What this task involves
Once the line containing "Julmodels Bedroom-C2's Live Sex Cam Show" is found in the records below, return it and each following line exactly, up to and including the line containing "Langs het spandoek", and nothing else.

Record set
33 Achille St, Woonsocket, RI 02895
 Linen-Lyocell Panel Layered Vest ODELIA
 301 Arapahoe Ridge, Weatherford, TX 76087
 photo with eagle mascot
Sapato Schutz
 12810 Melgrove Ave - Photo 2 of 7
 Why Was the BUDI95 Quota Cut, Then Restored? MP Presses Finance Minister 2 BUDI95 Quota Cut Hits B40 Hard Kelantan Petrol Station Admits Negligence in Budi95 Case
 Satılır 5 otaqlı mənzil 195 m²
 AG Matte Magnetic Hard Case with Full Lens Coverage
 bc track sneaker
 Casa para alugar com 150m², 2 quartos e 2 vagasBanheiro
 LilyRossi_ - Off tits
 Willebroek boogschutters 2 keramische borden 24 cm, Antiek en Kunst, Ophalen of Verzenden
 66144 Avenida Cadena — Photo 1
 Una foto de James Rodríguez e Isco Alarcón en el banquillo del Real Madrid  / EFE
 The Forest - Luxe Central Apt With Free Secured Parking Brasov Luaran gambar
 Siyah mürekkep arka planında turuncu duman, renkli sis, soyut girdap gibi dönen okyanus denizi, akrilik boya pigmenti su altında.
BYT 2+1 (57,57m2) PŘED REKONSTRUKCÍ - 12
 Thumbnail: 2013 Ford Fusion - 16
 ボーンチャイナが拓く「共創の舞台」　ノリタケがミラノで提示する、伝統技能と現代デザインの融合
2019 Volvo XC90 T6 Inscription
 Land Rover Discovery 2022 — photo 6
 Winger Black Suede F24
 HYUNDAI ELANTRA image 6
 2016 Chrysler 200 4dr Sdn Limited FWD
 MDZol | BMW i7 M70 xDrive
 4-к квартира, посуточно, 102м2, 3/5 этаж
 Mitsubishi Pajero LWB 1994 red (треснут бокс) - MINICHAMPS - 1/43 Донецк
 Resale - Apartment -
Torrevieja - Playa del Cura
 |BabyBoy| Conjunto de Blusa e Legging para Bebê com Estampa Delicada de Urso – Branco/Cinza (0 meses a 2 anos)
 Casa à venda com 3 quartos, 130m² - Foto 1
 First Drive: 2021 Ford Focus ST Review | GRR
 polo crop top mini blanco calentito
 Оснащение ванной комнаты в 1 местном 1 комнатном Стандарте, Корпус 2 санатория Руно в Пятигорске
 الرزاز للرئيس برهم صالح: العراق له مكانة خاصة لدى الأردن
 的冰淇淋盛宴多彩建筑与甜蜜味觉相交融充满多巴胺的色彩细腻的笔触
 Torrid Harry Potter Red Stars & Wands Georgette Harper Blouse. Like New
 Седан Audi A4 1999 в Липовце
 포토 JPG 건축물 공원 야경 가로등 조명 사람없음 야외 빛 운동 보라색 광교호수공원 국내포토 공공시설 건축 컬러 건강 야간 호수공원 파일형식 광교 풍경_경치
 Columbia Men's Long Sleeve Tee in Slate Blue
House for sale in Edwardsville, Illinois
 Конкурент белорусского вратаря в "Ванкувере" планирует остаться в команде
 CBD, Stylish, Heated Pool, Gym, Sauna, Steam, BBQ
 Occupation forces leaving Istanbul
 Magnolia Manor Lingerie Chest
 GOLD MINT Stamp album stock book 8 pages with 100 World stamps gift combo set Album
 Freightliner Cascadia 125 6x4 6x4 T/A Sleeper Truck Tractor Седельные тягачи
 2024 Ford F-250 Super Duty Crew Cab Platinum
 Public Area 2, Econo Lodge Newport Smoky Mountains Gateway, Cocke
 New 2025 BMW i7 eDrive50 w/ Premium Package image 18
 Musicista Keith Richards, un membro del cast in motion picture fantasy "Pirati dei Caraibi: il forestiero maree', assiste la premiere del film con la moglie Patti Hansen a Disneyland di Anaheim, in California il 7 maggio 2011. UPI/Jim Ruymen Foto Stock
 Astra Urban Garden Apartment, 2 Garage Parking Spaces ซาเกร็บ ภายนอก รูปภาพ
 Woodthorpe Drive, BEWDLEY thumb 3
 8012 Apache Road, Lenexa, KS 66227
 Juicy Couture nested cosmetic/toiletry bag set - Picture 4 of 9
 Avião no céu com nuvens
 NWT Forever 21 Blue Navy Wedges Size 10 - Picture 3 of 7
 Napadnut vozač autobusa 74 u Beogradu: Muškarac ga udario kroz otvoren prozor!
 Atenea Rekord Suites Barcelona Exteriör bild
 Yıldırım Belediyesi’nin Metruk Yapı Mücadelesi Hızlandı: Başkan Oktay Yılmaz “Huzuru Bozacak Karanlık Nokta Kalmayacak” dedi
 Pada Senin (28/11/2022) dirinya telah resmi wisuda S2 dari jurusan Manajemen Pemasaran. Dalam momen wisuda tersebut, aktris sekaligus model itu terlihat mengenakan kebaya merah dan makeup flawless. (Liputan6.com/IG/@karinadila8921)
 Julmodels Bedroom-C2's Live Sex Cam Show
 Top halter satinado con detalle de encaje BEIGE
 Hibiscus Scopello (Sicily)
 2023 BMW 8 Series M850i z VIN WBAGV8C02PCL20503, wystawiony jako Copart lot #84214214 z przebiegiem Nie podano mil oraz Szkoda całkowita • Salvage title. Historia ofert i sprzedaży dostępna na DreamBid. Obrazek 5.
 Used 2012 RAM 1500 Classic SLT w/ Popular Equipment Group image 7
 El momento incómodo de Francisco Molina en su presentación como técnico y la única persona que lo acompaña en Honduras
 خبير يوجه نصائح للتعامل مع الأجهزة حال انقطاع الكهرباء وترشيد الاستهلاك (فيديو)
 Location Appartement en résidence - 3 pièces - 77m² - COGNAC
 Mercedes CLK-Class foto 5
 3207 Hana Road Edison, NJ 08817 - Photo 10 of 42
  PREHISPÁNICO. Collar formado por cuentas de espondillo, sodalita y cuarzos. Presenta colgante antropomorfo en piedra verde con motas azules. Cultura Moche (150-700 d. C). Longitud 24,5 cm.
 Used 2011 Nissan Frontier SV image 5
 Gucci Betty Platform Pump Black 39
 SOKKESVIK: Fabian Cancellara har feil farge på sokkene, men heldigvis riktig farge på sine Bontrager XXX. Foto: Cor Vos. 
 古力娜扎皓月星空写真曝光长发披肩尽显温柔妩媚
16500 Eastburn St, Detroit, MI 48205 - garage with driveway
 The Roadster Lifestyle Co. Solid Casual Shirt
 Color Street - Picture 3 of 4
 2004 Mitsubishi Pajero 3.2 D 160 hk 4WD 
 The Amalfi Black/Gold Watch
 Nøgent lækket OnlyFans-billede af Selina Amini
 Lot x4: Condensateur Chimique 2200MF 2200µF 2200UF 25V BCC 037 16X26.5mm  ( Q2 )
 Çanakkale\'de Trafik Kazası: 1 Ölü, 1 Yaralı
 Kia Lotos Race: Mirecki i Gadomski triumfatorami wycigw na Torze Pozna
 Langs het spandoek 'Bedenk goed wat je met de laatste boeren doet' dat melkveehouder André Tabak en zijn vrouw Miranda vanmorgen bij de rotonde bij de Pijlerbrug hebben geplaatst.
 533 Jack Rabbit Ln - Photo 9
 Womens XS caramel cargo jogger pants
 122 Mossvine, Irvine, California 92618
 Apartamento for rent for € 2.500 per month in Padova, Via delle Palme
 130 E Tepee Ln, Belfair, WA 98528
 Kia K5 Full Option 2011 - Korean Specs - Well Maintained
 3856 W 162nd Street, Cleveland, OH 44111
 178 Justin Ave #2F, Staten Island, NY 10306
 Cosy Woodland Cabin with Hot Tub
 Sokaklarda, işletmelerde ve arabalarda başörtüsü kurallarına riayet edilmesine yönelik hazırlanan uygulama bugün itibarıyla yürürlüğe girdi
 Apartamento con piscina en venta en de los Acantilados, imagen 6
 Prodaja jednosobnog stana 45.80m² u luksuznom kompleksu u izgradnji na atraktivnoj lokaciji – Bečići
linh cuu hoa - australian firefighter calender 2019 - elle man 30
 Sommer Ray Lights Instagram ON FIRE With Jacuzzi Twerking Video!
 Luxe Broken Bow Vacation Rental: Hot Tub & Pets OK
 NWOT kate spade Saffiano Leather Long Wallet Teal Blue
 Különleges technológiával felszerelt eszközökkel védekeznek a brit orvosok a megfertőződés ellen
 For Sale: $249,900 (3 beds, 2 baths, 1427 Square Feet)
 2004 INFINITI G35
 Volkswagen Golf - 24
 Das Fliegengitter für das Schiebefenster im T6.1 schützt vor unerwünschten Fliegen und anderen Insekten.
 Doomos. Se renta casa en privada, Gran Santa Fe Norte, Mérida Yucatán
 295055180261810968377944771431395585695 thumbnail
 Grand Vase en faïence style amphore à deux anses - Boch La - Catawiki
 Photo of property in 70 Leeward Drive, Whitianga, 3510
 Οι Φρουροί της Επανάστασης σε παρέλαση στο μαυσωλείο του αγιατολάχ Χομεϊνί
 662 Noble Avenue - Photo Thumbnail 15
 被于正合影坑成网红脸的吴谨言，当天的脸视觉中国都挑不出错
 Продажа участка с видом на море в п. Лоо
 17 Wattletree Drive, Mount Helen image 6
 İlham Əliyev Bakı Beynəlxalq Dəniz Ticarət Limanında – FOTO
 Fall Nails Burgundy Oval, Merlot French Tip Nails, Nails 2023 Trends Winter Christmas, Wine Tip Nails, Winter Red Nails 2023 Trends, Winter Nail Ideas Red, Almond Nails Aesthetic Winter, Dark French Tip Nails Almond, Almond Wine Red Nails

Output for this task
 Julmodels Bedroom-C2's Live Sex Cam Show
 Top halter satinado con detalle de encaje BEIGE
 Hibiscus Scopello (Sicily)
 2023 BMW 8 Series M850i z VIN WBAGV8C02PCL20503, wystawiony jako Copart lot #84214214 z przebiegiem Nie podano mil oraz Szkoda całkowita • Salvage title. Historia ofert i sprzedaży dostępna na DreamBid. Obrazek 5.
 Used 2012 RAM 1500 Classic SLT w/ Popular Equipment Group image 7
 El momento incómodo de Francisco Molina en su presentación como técnico y la única persona que lo acompaña en Honduras
 خبير يوجه نصائح للتعامل مع الأجهزة حال انقطاع الكهرباء وترشيد الاستهلاك (فيديو)
 Location Appartement en résidence - 3 pièces - 77m² - COGNAC
 Mercedes CLK-Class foto 5
 3207 Hana Road Edison, NJ 08817 - Photo 10 of 42
  PREHISPÁNICO. Collar formado por cuentas de espondillo, sodalita y cuarzos. Presenta colgante antropomorfo en piedra verde con motas azules. Cultura Moche (150-700 d. C). Longitud 24,5 cm.
 Used 2011 Nissan Frontier SV image 5
 Gucci Betty Platform Pump Black 39
 SOKKESVIK: Fabian Cancellara har feil farge på sokkene, men heldigvis riktig farge på sine Bontrager XXX. Foto: Cor Vos. 
 古力娜扎皓月星空写真曝光长发披肩尽显温柔妩媚
16500 Eastburn St, Detroit, MI 48205 - garage with driveway
 The Roadster Lifestyle Co. Solid Casual Shirt
 Color Street - Picture 3 of 4
 2004 Mitsubishi Pajero 3.2 D 160 hk 4WD 
 The Amalfi Black/Gold Watch
 Nøgent lækket OnlyFans-billede af Selina Amini
 Lot x4: Condensateur Chimique 2200MF 2200µF 2200UF 25V BCC 037 16X26.5mm  ( Q2 )
 Çanakkale\'de Trafik Kazası: 1 Ölü, 1 Yaralı
 Kia Lotos Race: Mirecki i Gadomski triumfatorami wycigw na Torze Pozna
 Langs het spandoek 'Bedenk goed wat je met de laatste boeren doet' dat melkveehouder André Tabak en zijn vrouw Miranda vanmorgen bij de rotonde bij de Pijlerbrug hebben geplaatst.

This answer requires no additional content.